**Action item:** Below is a listing; print exactly its lines from the one containing "Kledinghaak inklapbaar 50 x 28 mm / RVS" down to the one containing "Ooze UFO Silicone", both inclusive, with every picture left out.

**Data shown:**
<<<<
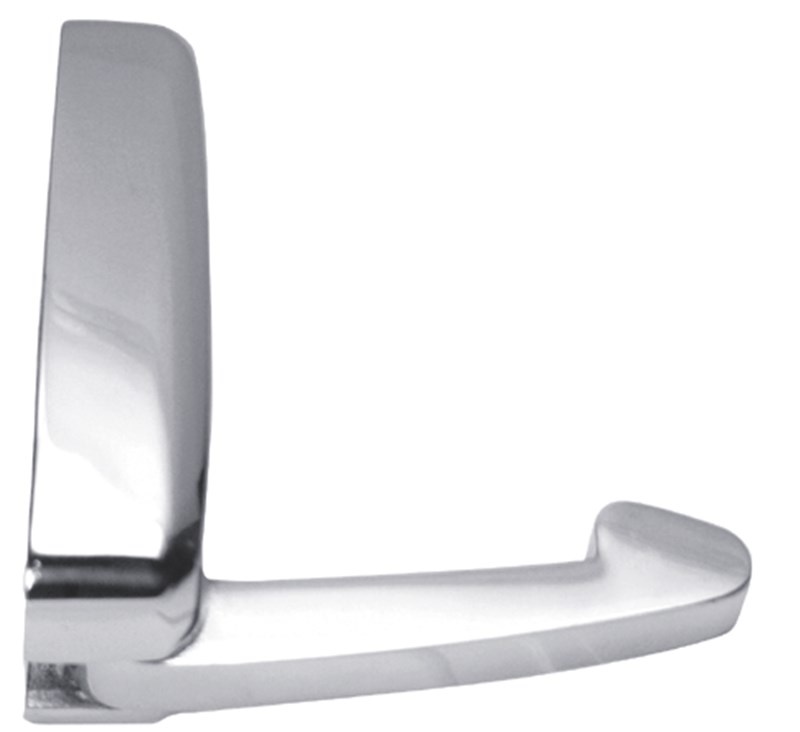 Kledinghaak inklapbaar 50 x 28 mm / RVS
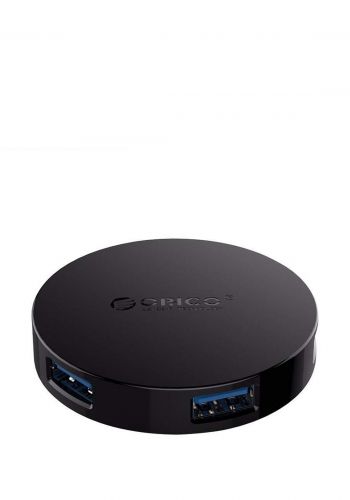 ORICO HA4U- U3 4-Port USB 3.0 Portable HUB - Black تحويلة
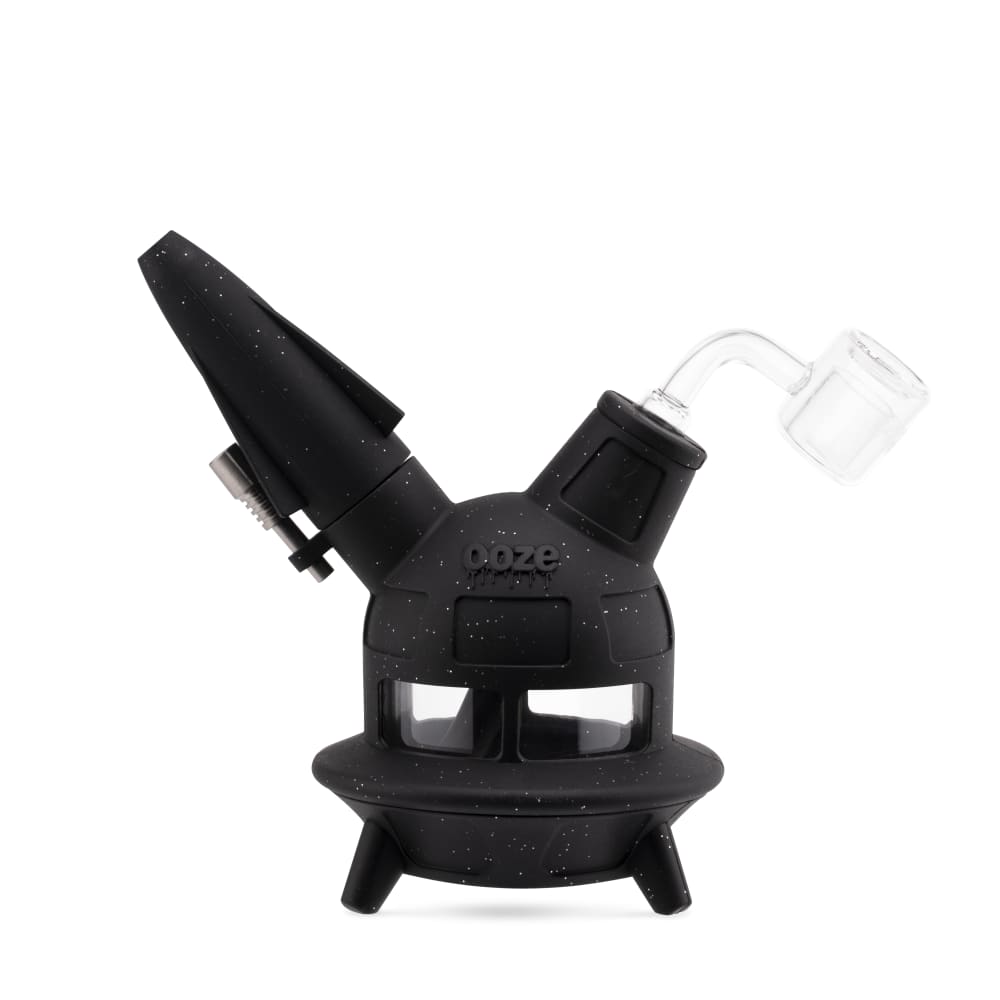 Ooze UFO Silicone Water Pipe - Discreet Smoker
>>>>
<<<<
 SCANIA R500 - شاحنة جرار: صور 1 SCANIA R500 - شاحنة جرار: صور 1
>>>>
**Response area:**
 Kledinghaak inklapbaar 50 x 28 mm / RVS
 ORICO HA4U- U3 4-Port USB 3.0 Portable HUB - Black تحويلة
 Ooze UFO Silicone Water Pipe - Discreet Smoker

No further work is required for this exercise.